▶ Data listing
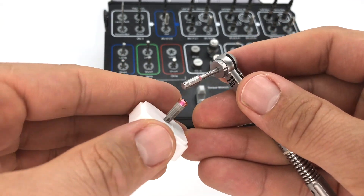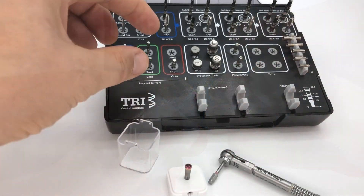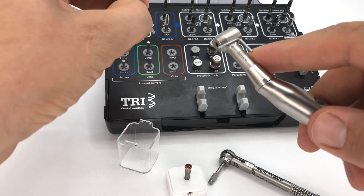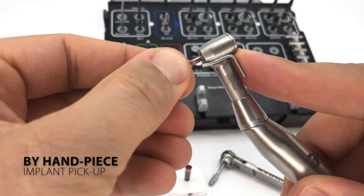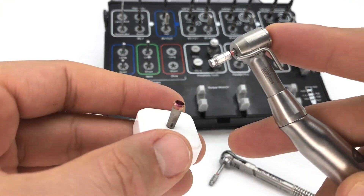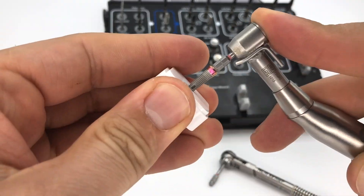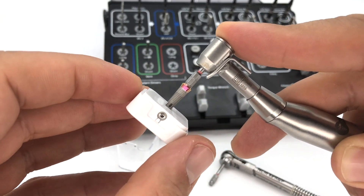Second, by torque wrench: connect the adapter with the implant driver into the torque wrench and pick up the implant from the tripod. Third, directly with the handpiece: connect the implant driver into the handpiece and pick up the implant from the tripod.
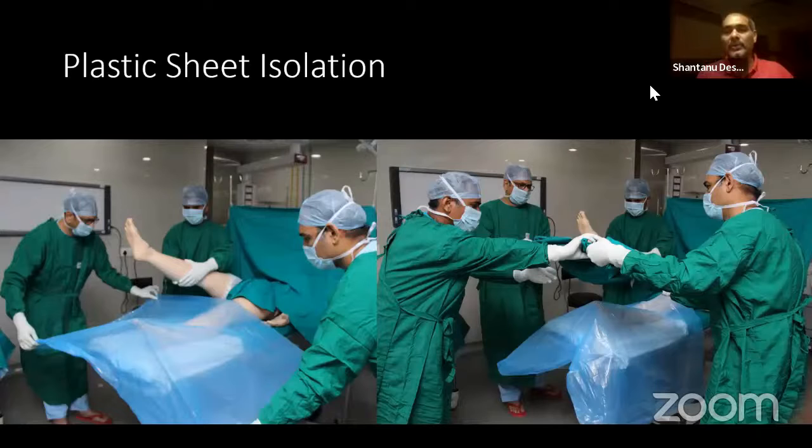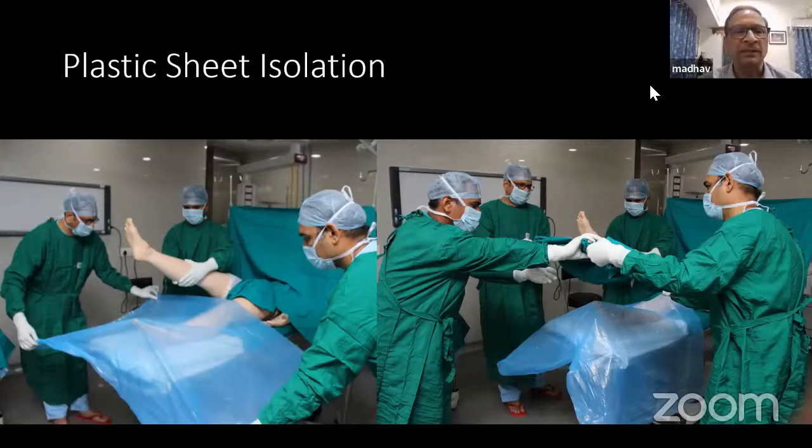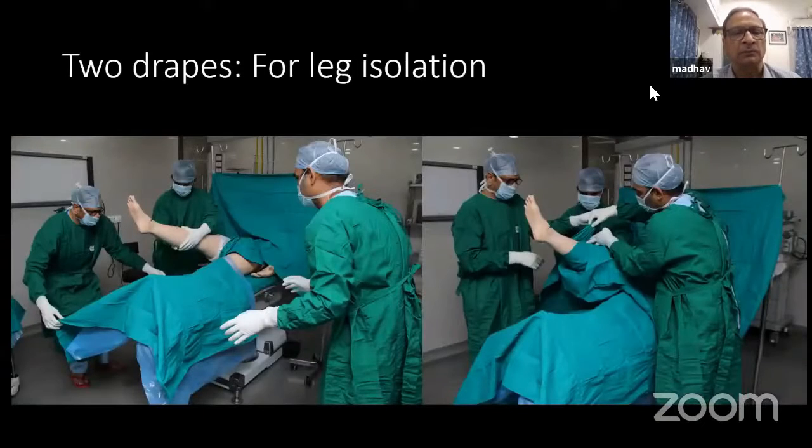Initially a few slides and then video. So basically what I'm going to describe is the draping of a lower limb surgery. The part to be operated is either below the knee — foot and ankle — or the knee and the thigh.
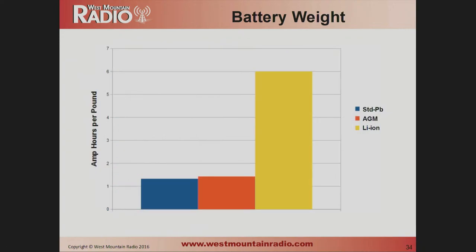Battery weight is another area where lithium really shines: 6 amp-hours per pound for lithium versus about 1.25 amp-hours per pound for lead-acid. The lithium battery is very light.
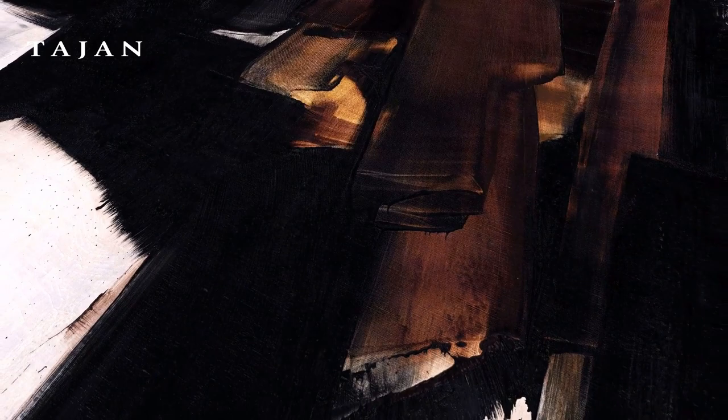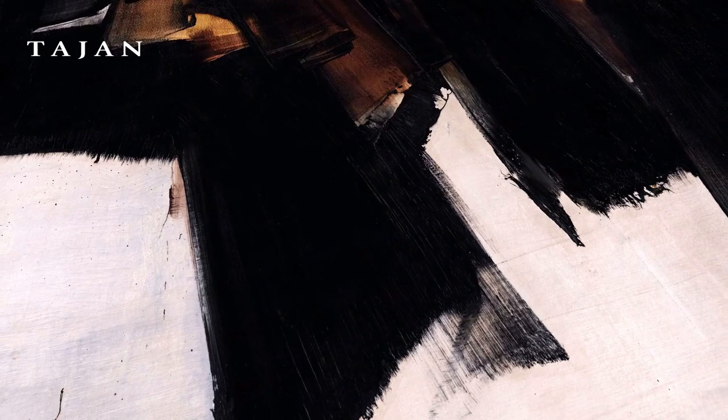With this uncovering technique, Soulages continues the dialogue between black and colour, while offering us particularly subtle luminosities.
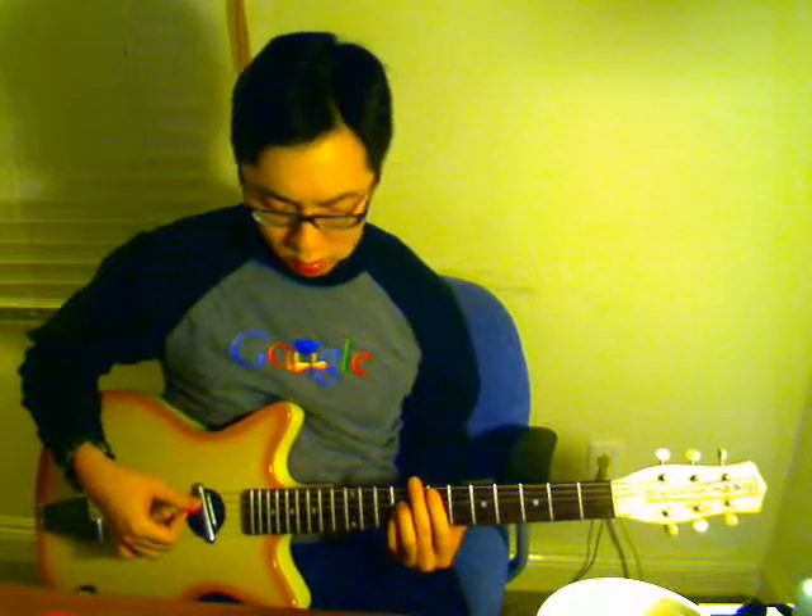Instead of stepping back up to the 7th fret, we're going to play open 6th, 5th, and 4th strings — my pinkie's on the 7th fret on the 3rd string. Then back to this familiar bar chord on the 7th fret, and then it goes into the chorus. Let me show you that transition — and it repeats.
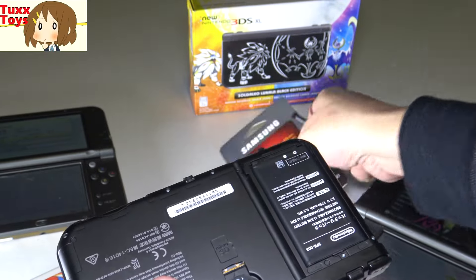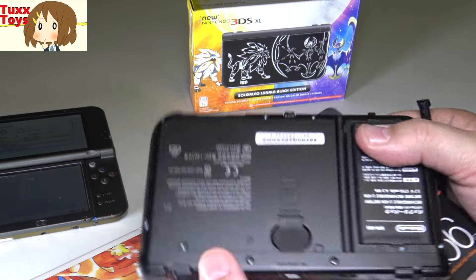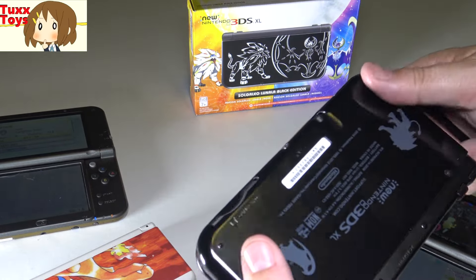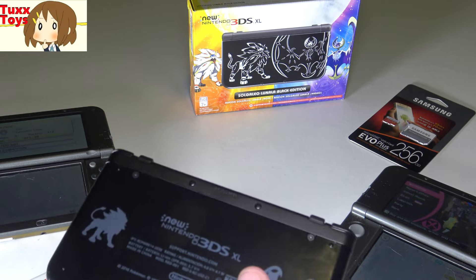From there, you go ahead and take your new card, take the old one out, stick the new one in, pop this back in like this, and then the cover just snaps back on. And you screw the two screws in, and you are good to go.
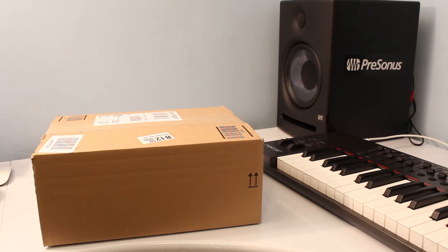Hi guys, welcome to my channel AudioVideoMe. In this video I'm going to do the unboxing of the Yamaha AG-06 hybrid USB audio interface mixer.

▶ Goal of the exercise
Copy out exactly, with no pictures, the lines of the data from the first one through the line bearing "Battery weight is".

▶ Answer space
Second, by torque wrench: connect the adapter with the implant driver into the torque wrench and pick up the implant from the tripod. Third, directly with the handpiece: connect the implant driver into the handpiece and pick up the implant from the tripod.
Initially a few slides and then video. So basically what I'm going to describe is the draping of a lower limb surgery. The part to be operated is either below the knee — foot and ankle — or the knee and the thigh.
Battery weight is another area where lithium really shines: 6 amp-hours per pound for lithium versus about 1.25 amp-hours per pound for lead-acid. The lithium battery is very light.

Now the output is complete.